Anacleto, el chucho, la cuñada y los vecinos son el CD de sus frases respectivas, porque reciben la acción de ser vistos (¿ves que acabo de poner el verbo ver en pasiva?  Eso también es una pista para reconocer el complemento directo: le das la vuelta a la oración y hace de sujeto). Y si los tres son CD, ¿por qué he puesto el primero en verde y los otros en rojo? Pues porque se admite el uso del pronombre le como CD cuando se refiere a una persona, en masculino y singular; pero nunca para femenino ni para plural, y tampoco para sustituir complementos directos que no sean personas[2]. Así que lo correcto es:
 El chucho no para de ladrar. Si lo cojo, le corto las cuerdas vocales… a la dueña.
 Tu cuñada y sus complementos luigüitón y cristiandiós. No hay quien la aguante.
– Mis vecinos ponen tecno a todas horas; por eso los odio.

También se admite el leísmo singular y plural referido a masculino en oraciones impersonales con se (parece que se ha arrastrado por afinidad fonética el pronombre y lo ha llevado hasta les). Sin embargo, no se tolera en femenino. Por otra parte, es perfectamente correcto (y común en Hispanoamérica) usar los pronombres lo/los..
A los amigos del novio se les/los espera por la tarde, pero a las amigas de la novia                   no se las espera hasta el día siguiente.
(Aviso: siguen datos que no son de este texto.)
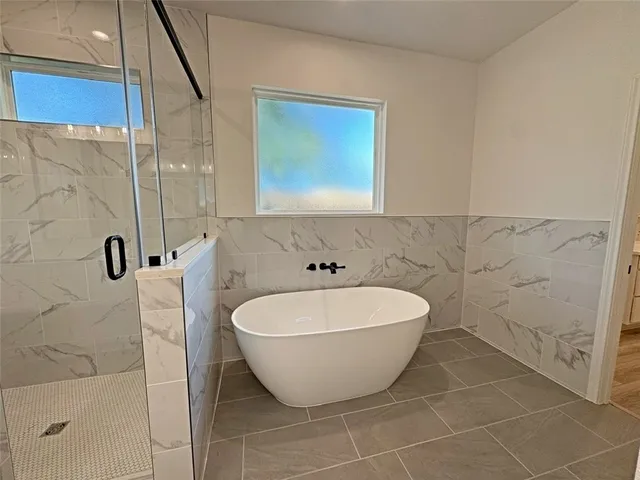 a bathroom with a bathtub and shower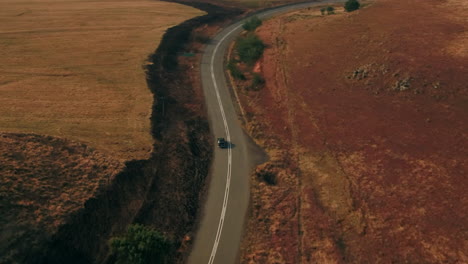 High-wide-Drone-shot-following-a-black-Austin-Westminster-vintage-car-driving-through-the-hills-of-south-africa-during-dry-winter-4K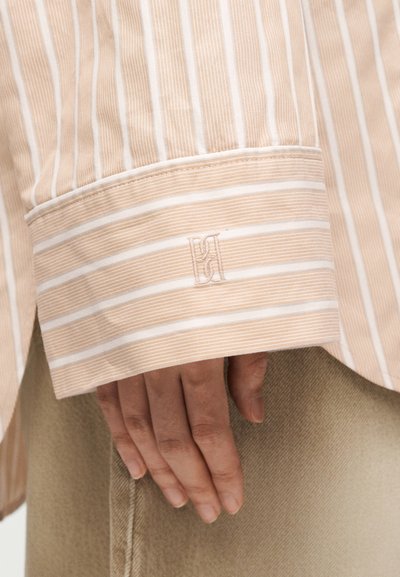 Main reposant près du poignet d'une chemise rayée beige et blanche avec logo brodé, sur fond de pantalon beige clair.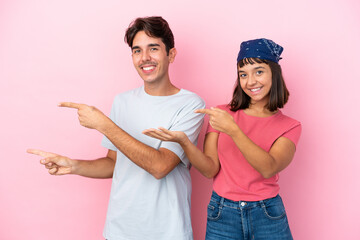 Young couple isolated on pink background extending hands to the side for inviting to come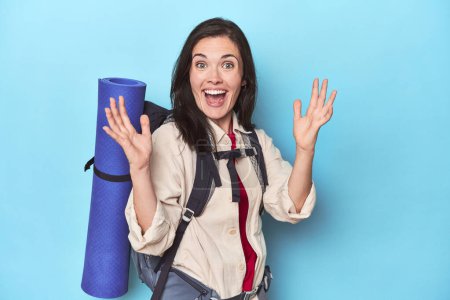 Foto de Mujer aventurera con mochila en azul recibiendo una agradable sorpresa, excitada y levantando las manos. - Imagen libre de derechos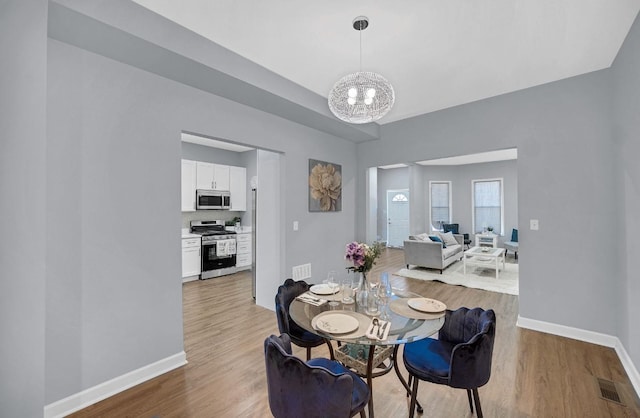 7825 S St Lawrence Ave, Chicago, IL 60619 - dining room featuring a chandelier and light wood-type flooring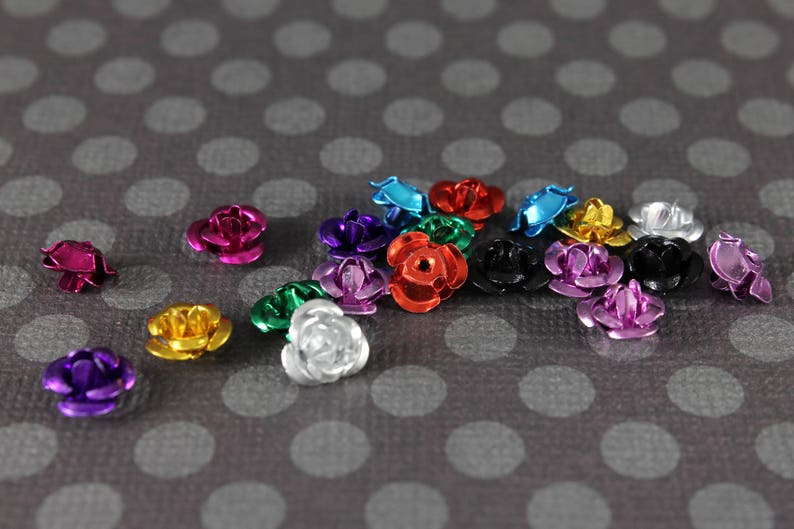 May include: A collection of small, metallic rose-shaped embellishments in various colors, including pink, purple, gold, silver, red, and blue. The decorative flowers are scattered on a gray background with white polka dots.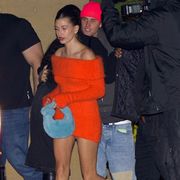 hailey and justin photographed leaving a building at night time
Cada pronombre tiene su función. El leísmo, el loísmo y el laísmo están muy arraigados en el habla de algunas zonas; nada que objetar a los usos de los hablantes. Quizá la lengua evolucione en ese sentido y algunos de esos rasgos, o los tres, se consideren correctos, pero de momento conviene evitarlos en los textos, incluso el leísmo tolerado (salvo que caracterice el habla de un personaje), porque es muy fácil dejarse llevar y no usar más pronombre que le aunque el antecedente del CD no sea un sustantivo que designe persona masculina y singular.
*Mariloli y el novio venga a hablar del perro de su cuñada. Yo quería avisarle, que para             eso somos parientes, de que tienen que vacunarle y por eso tardará.

Y no sabes si quería avisar a Mariloli o a su novio, ni si vacunaron a la cuñada o al perro.


[1] Era práctica habitual que de esa tarea se encargaran correctores de oficio y experiencia probados, buenos conocedores de la gramática y de la ortografía, así como de los usos y costumbres en la puntuación y la ortotipografía, y con un léxico rico y preciso. Todo eso tiene muy poco que ver con lo que se estudia en una carrera de Filología y no se tiene por el mero hecho de ser aficionado a la lectura.

[2] Los pronombres que actúan como complementos pueden complicar bastante la sintaxis; por ejemplo, con los verbos de percepción (ver, oír, etc.) o psíquica (convencer, asustar, etc.) y con los de influencia (ordenar, permitir, etc.). Mejor lo dejo para otra dosis de atutía.

La misma anáfora, la mismísima

Hablamos con anáforas y al escribir las usamos continuamente. No sabía si decirlo, porque es una perogrullada para quien sepa qué es una anáfora y puede ser un susto para quien no lo sepa.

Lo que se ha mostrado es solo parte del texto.